Namun, bagaimana jika sebuah brand memiliki kontrol lebih terhadap budaya yang berhubungan dengan mereka? Bagaimana jika sebuah brand fokus menjadi pemimpin budaya?
Chief Consumer Officer sebuah brand agency Doner yang berbasis di Detroit, AS Marcus Collins berupaya mengeksplor hal itu lebih jauh dalam forum Social Media Week di LA. Menurutnya, sebuah brand akan mendapat keuntungan ketika mereka memiliki kedekatan dengan suatu budaya.
Dalam forum itu, Collins melempar sebuah pertanyaan kepada penonton, jika kalian sedang berada di toko elektronik mencari headphone, merk headphone apa yang akan kalian beli? Rata-rata penonton akan menjawab “Beats”.
Beats by Dre mungkin bukanlah headphone terbaik, namun mereka memiliki kedekatan dengan budaya. Dalam serial televisi HBO “The Defiant Ones” yang menceritakan persahabatan dua orang jalanan cerdas Jimmy Iovine dan Dr Dre, dikisahkan bahwa Dr Dre ingat saat dirinya dibujuk seseorang untuk mempromosikan sepasang sepatu, hingga akhirnya Jimmy Iovine mengatakan padanya agar tetap menjalankan bidang sesuai passion-nya, yakni musik.

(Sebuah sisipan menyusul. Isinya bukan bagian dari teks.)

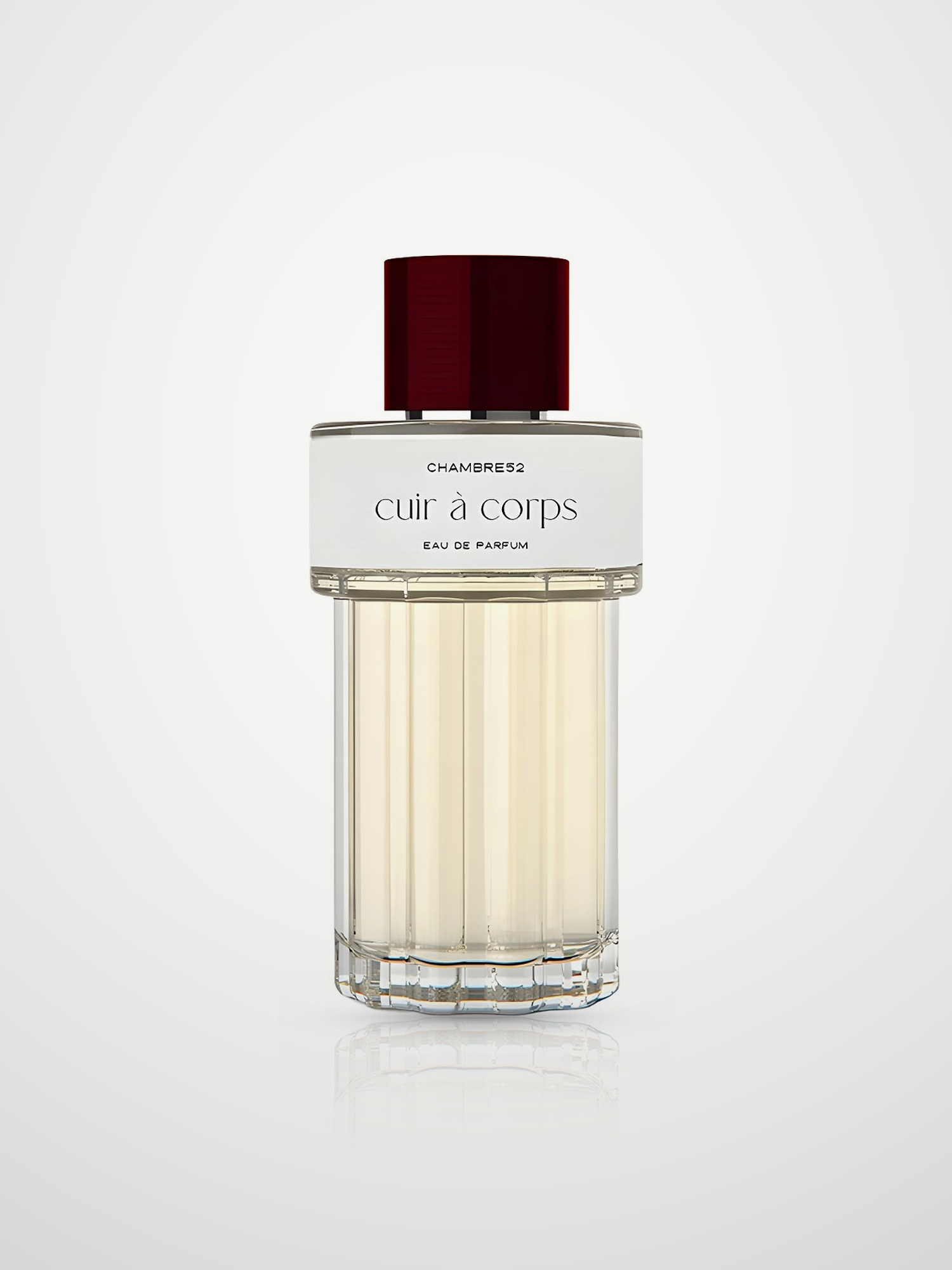 Парфюмерная вода Chambre52 Cuir A Corps Eau de Parfum унисекс 100 мл CHAMBRE52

Lantaran latar belakangnya, Dr Dre secara otentik mampu menghubungkan budaya dan para pecinta musik.
Sebuah Pesan dari Kodak
Kalau kamu melihat foto-foto di zaman dahulu, mungkin kamu akan mendapati sebagian besar orang di dalam foto itu tidak tersenyum. Kondisi ini tentu jauh berbeda dengan budaya selfie zaman sekarang, di mana orang-orang di dalamnya cenderung ingin menampilkan sisi bahagia hidup mereka.
Menurut Collins, di masa lalu orang enggan tersenyum lantaran gambar yang akan dihasilkan begitu lama diproduksi. Belum lagi saat itu, dalam seni, senyuman adalah karakteristik petani, orang mabuk, dan anak-anak. Mereka tak ingin senyum lantaran tak ingin diasosiasikan dengan kelompok itu.

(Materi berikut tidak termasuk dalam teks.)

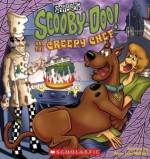 Scooby-Doo! and the Creepy Chef - Jesse Leon McCann, Dan Davis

Kebiasaan itu lama-lama terkikis seiring teknologi yang semakin mempercepat proses. Kodak yang didirikan di Rochester, NY mampu memproduksi kamera-kamera keren, sayangnya ada masalah besar di balik itu. Orang menganggap jika ajang foto-foto hanya diperlukan di event serius. Dampaknya, mereka tak cukup sering berfoto.
Untuk merespon hal itu, Kodak berupaya mengubah kepercayaan budaya tentang mengambil foto. Pesan mereka adalah “You smile in photos because these are captured moments of joy”, yang kini kita kenal dengan jargon Kodak Moment. Para peneliti pun menemukan, semakin banyak orang tersenyum di album foto dari tahun ke tahun. Dampak yang dihasilkan Kodak begitu masif hingga akhirnya mereka tertinggal dengan tren budaya baru, kebangkitan foto digital.

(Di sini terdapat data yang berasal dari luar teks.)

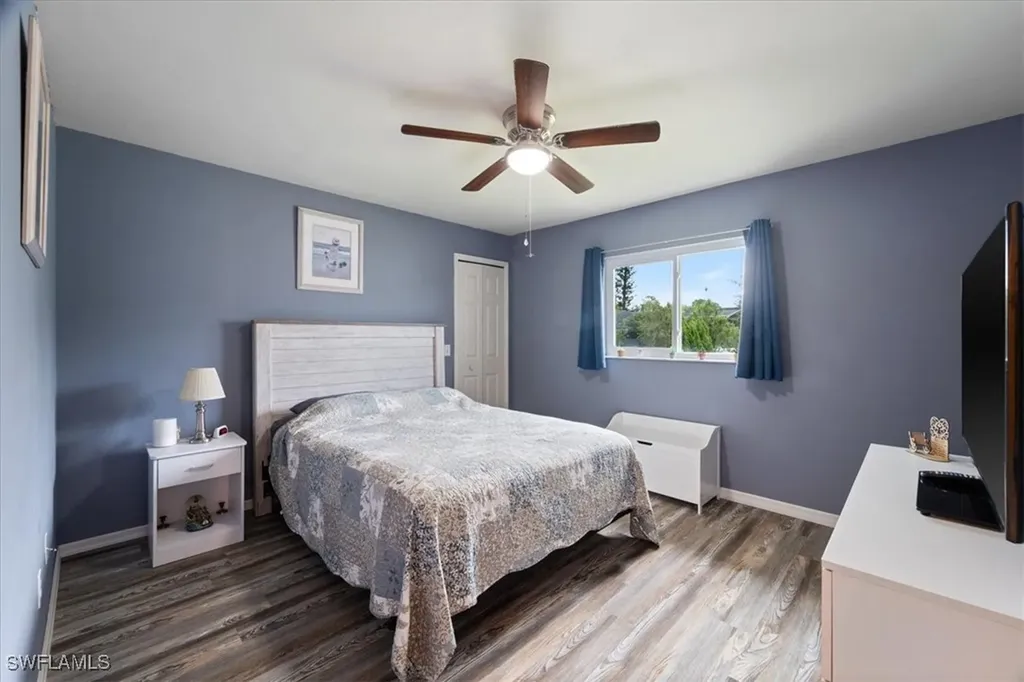 2403 Cherry Court Lehigh Acres FL 33936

Salah satu contoh menarik di dalam negeri juga, misalnya kemunculan para desainer busana muslim, seperti Dian Pelangi dan Ria Miranda yang menghasilkan rancangan jilbab modis dengan kombinasi ragam warna dan model bagi perempuan muda turut mengubah persepsi tentang jilbab yang terkesan old dan ketinggalan zaman. Tak pelak, persepsi itu kemudian menjadi sebuah gerakan budaya tersendiri di mana komunitas-komunitas hijabers yang tampil kece begitu semarak muncul di berbagai kota di Tanah Air.
Collins menjelaskan, fungsi inti pemasaran adalah tentang memengaruhi perilaku manusia. Pemasar perlu mampu menciptakan katalisator budaya di mana orang akan membicarakannya, dimulai dari riakan kecil di grafik sosial hingga akhirnya bisa mengubah cara pandang banyak orang. Tak hanya penting untuk pemasaran, inilah bagaimana semestinya bisnis itu berjalan.
Dikutip dari HBR, Co Founder Fast Company Bill Taylor mengatakan, banyak pemimpin bisnis yang dikenalnya paham bahwa sukses tak hanya sekedar upaya pemasaran yang beda dari perusahaan lain, sebut saja lebih banyak iklan online, lebih banyak produk, penggunaan media online yang agresif.
Namun, yang lebih penting, tentang bagaimana kepedulian bisnis terhadap konsumen, kolega, dan bagaimana sebuah organisasi memimpin dirinya sendiri di dunia yang menawarkan begitu banyak peluang untuk memangkas biaya dan kompromi terhadap nilai-nilai.